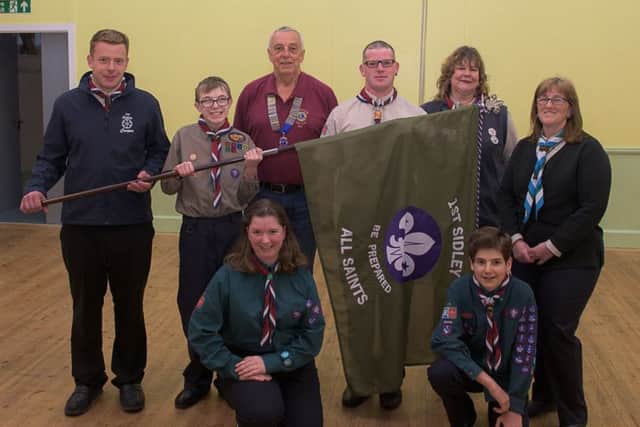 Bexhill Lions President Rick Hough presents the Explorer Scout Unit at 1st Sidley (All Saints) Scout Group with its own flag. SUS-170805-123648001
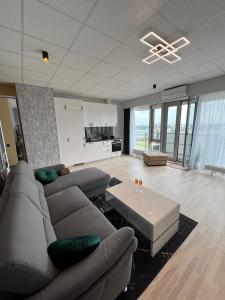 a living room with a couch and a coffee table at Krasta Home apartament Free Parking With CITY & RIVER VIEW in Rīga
...
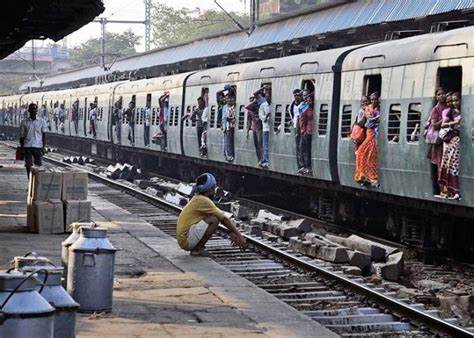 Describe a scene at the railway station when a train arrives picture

• _What to produce_
Working from the entries above, please transcribe only the lines from the line with "Bexhill Lions President" through the line with "a living room", exactly, with both end lines and without pictures.

• _Answer section_
 Bexhill Lions President Rick Hough presents the Explorer Scout Unit at 1st Sidley (All Saints) Scout Group with its own flag. SUS-170805-123648001
 a living room with a couch and a coffee table at Krasta Home apartament Free Parking With CITY & RIVER VIEW in Rīga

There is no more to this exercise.